Senator John McCain, R-Ariz., today responded to President Obama’s criticism of the recently released Republican jobs plan in the Senate by throwing back a fiery criticism of Obama’s jobs bus tour this week.
“I’ve never seen an uglier bus than the Canadian one he’s traveling around on – a Canadian bus touting American jobs. So — and one of the reasons why Americans and I and my colleagues are a bit skeptical, because we’ve seen this movie before,” McCain said on the Senate floor this afternoon.
McCain questioned whether it is appropriate for Obama to be traveling on the taxpayers dime, saying the president is “clearly campaigning,” because he’s visiting areas of the country “that have a lot to do in the view of many with the upcoming electoral calendar.”
In Asheville, N.C. today, the first stop of a three-day bus tour that will bring the president to Virginia as well, Obama said the Senate Republicans’ jobs plan amounted to little more than a plan to “gut regulations…to let Wall Street do whatever it wants….to drill more…(And) to repeal health care reform. That’s their jobs plan.”
Responded McCain, “I was somewhat taken aback since the president and his spokesperson had billed his trip as a taxpayer paid visit. And in his remarks, the president was very strongly condemning of the plan that we have put forward. In fact, remember, my colleagues and friends, the president made these remarks on a taxpayer-paid-for, riding in a Canadian bus, visit for the next three days.”

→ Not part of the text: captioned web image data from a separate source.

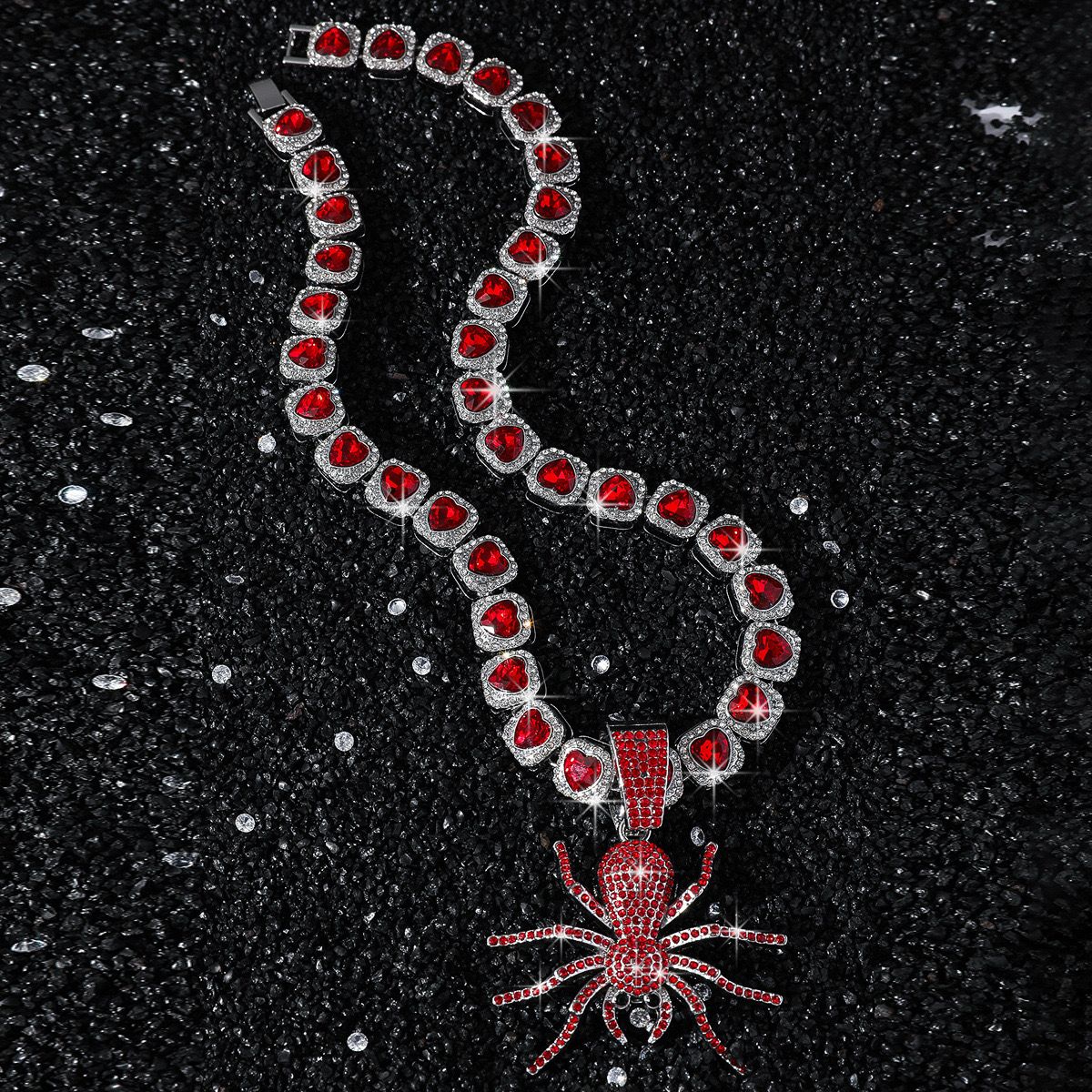 Spider (Pendant + Chain)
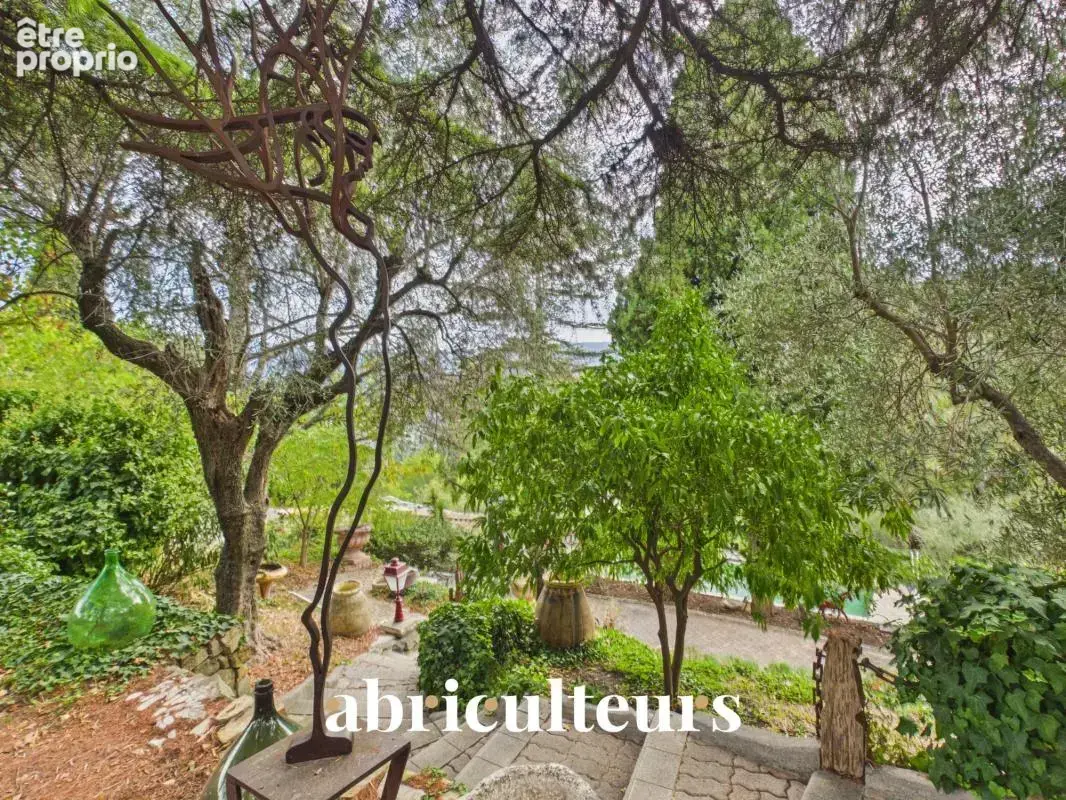 Cantaron – Propriété d'artistes à fort potentiel au cœur de 1,4 ha de verdure - photo 3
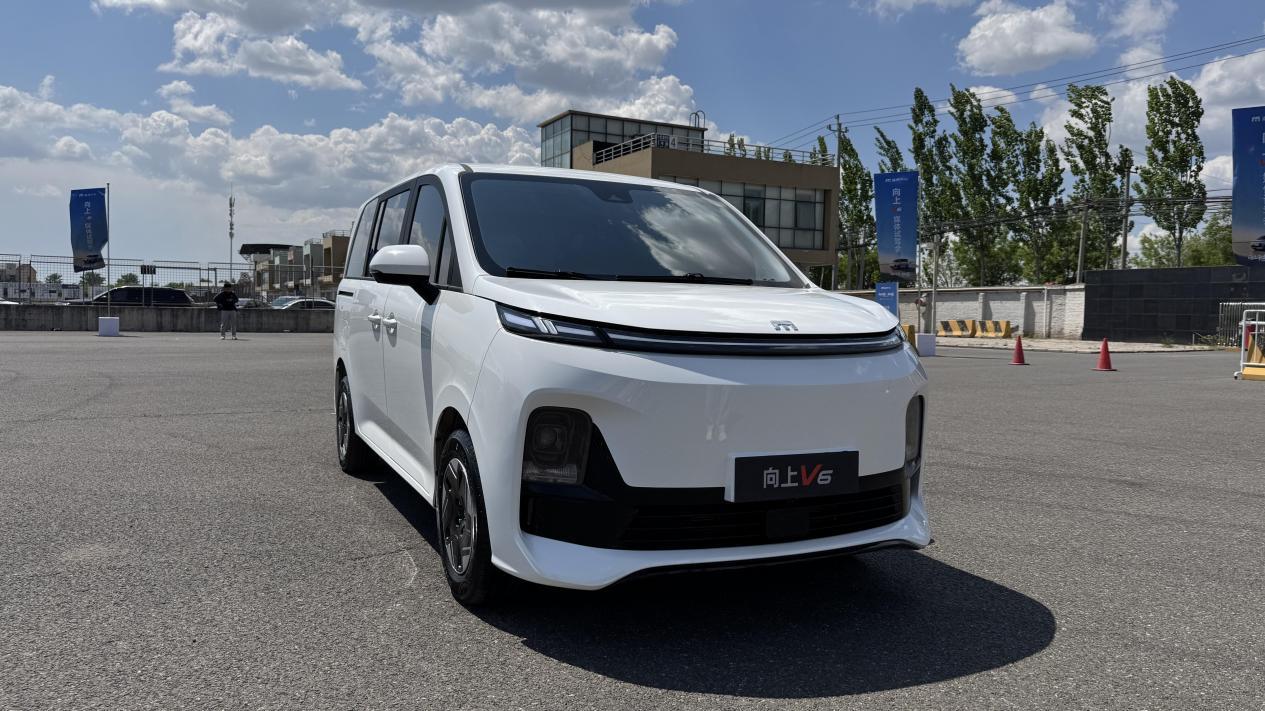 一车搞定全家出行？10万内这款“新能源MPV”有点东西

McCain defended the Republicans’ plan, released last Thursday, saying it is a “commonsense alternative” to the Democratic plan. He called President Obama’s plan just another stimulus.
“It didn’t work. It added to our debt and deficit, and we lost jobs,” McCain said.
During the 2008 presidential campaign, McCain’s famous “Straight Talk Express” bus also bore the imprint of Prevost, the same Canadian company that designed the shell/chassis of Obama’s government-owned bus.
In August the U.S. Secret Service said it selected Prevost because it’s the only company that made a bus large enough for its security needs. The agency then had it built out and outfitted by the American company Hemphill Bros.